Na divisão dos empreendimentos, o núcleo familiar dela ficou com o restaurante Due Fratelli, em Camobi. Na época, ela vivia
em Caxias do Sul, onde trabalhava como bancária.
– Sou natural de São Sepé, onde o meu pai vivia da agricultura. De lá,
tenho lembranças maravilhosas, em especial dessa força do que vem da
terra. Vim com a minha família para Santa Maria com oito anos, quando o
meu pai foi convidado para fazer parte da sociedade de uma empresa. Na
época, como meu irmão e eu já estávamos no colégio, meu pai achou que
isso era uma oportunidade de uma vida melhor para nós dois. Ele atuou
por muito tempo em suas atividades e estava sempre muito envolvido,
porque viajava para fazer as compras dos hortifrútis das lojas. Então, a
gente cresceu vendo aquela dedicação toda dele. Em 2010, quando alguns
empreendimentos foram vendidos, ele me chamou e disse: “mana, a partir
de agora, vai ficar comigo o restaurante, o que tu achas?”. Lembro que, na
época, nós nos olhamos, espantados, porque nunca tínhamos trabalhado
com um restaurante. Mas, com muita coragem, eu disse para ele que, se
era assim, então iríamos assumir esse desafio. Foi aí que começamos
a aprender – e, sem sombra de dúvidas, foi a melhor coisa que fiz –
rememora.
E o desafio foi tirado de letra, porque, para Carina e sua família, a comida sempre foi um motivo de união.
A gente sempre foi de se reunir, e, por qualquer
motivo que fosse, combinávamos de fazer uma janta
juntos, ou um almoço. A minha mãe sempre foi uma
pessoa que teve isso, de reunir as pessoas e de estar
muito presente. Essas reuniões serviam sempre para
a gente se alimentar junto, o que acontece até hoje lá
em casa. Fui criada em uma família em que a mãe
sempre gostou de cozinhar. A minha avó também:
nunca cheguei na casa dela que não tivesse uma
linda mesa posta. É uma família em que a polenta
não pode faltar, a sopa não pode faltar, depois tem o
churrasco, a galinhada. O fogão à lenha é uma coisa
muito presente na minha casa até hoje. E essas são
coisas que, além de terem ficado na minha memória,
eu, com certeza, trago na minha história.

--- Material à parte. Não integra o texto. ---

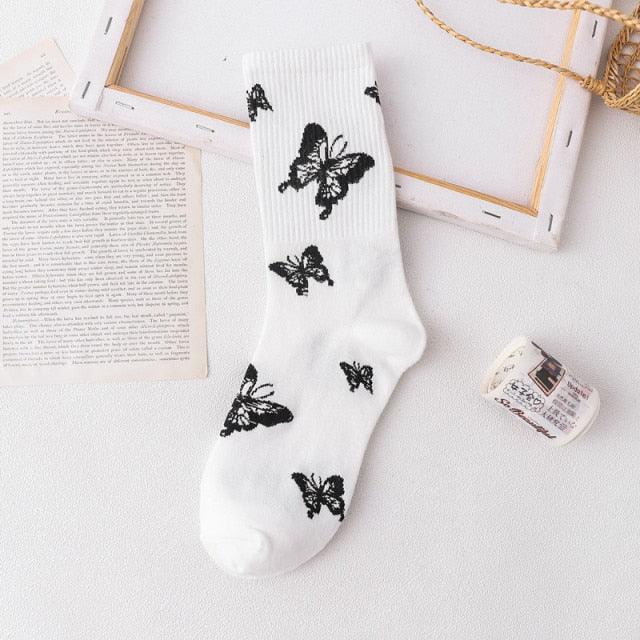 Dark Street Graphic Crew Socks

LEMBRANÇAS SÃO O TEMPERO MAIS ESPECIAL
A vida de Carina em Santa Maria é permeada de lembranças. São muitas as do bairro Camobi, onde a família se estabeleceu da escola Lívia Menna Barreto; do Colégio Riachuelo; do Colégio Coração de Maria; dos negócios; dos trabalhos que teve na Minami Motors, na Walter Beltrame e no Unibanco. Lugares onde sempre fez amigos e onde garante que aprendeu muito, não só sobre o mercado de trabalho, mas também sobre as pessoas.

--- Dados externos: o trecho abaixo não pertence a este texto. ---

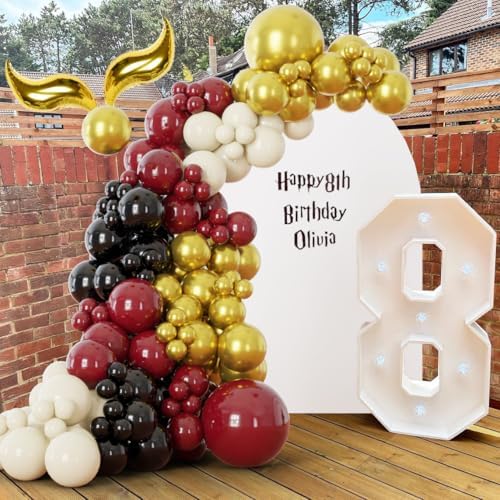 137PCS Magical Balloon Arch Garland Kit for Fantasy Parties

Eu tenho muito da organização da minha
mãe, do cuidado com cada detalhe, desse
querer enfeitar as coisas e cuidar de todo
mundo que chega aqui. Mas, ao mesmo
tempo, tenho muito do meu pai, que é essa
força de entrega de produção e também
de estar sempre rodeada de um monte
de gente bacana, porque meu pai é uma
pessoa que faz lastros de amizade. Ele é
querido por muita gente.
Porém, nesse grande baú de memórias, uma pessoa tem um lugar muito especial. Trata-se do avô Amadeo, que faleceu
com mais de 95 anos, em 2020.
– Eu tive o prazer de conviver com o meu avô em casa. Porque, depois
que a minha avó faleceu, ele veio morar com a gente. Morou com o pai e
com a mãe por mais de 10 anos. A convivência com ele dentro de casa
era deliciosa. A gente rezava o terço juntos, ele lia a Bíblia, falava algo
em italiano, me contava muito das histórias de como eram as coisas
no tempo dele. Posso dizer que sou uma sortuda por ter ele conosco
tanto tempo.
Já, tanto na vida quanto nos negócios, Carina tem um grande aliado, o empresário Vanderlei Azevedo Júnior, 43 anos.

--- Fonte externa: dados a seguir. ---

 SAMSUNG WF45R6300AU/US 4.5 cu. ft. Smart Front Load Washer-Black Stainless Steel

– O Junior sempre foi uma pessoa que me apoiou muito, desde quando
assumimos o Due Fratelli. Há tempos, nós queríamos muito montar um
novo negócio – e isso passava por escolher um bom local, algo no que
ele me ajudou muito. Tanto que, em 100 dias, ele reformou toda a casa
onde instalamos o restaurante Arrivo78. Vale Vêneto entrou no nosso
radar também por estar fazendo parte de um roteiro turístico. A região
está com os olhos voltados para esse viés, que é um nicho de negócio
que a gente acredita muito. Mas não fazíamos ideia de que íamos chegar
aqui e encontrar uma comunidade que nos abraçou tanto, um solo fértil
para boas coisas, para bons propósitos, boas energias... e que o público
ia aceitar tão bem a nossa forma de trabalho. O Vale tem uma energia
boa. Eu não sei explicar, mas me sinto diferente quando estou aqui –
conta.
Segundo Carina, o cardápio do Arrivo78 também foi pensadolevando em conta, além de sua história pessoal, muito da
história da localidade.
– O cardápio tem galeto, tem bife à milanesa... porque a gente conheceu
Vale Vêneto vindo para o Festival de Inverno, para comer o famoso bife.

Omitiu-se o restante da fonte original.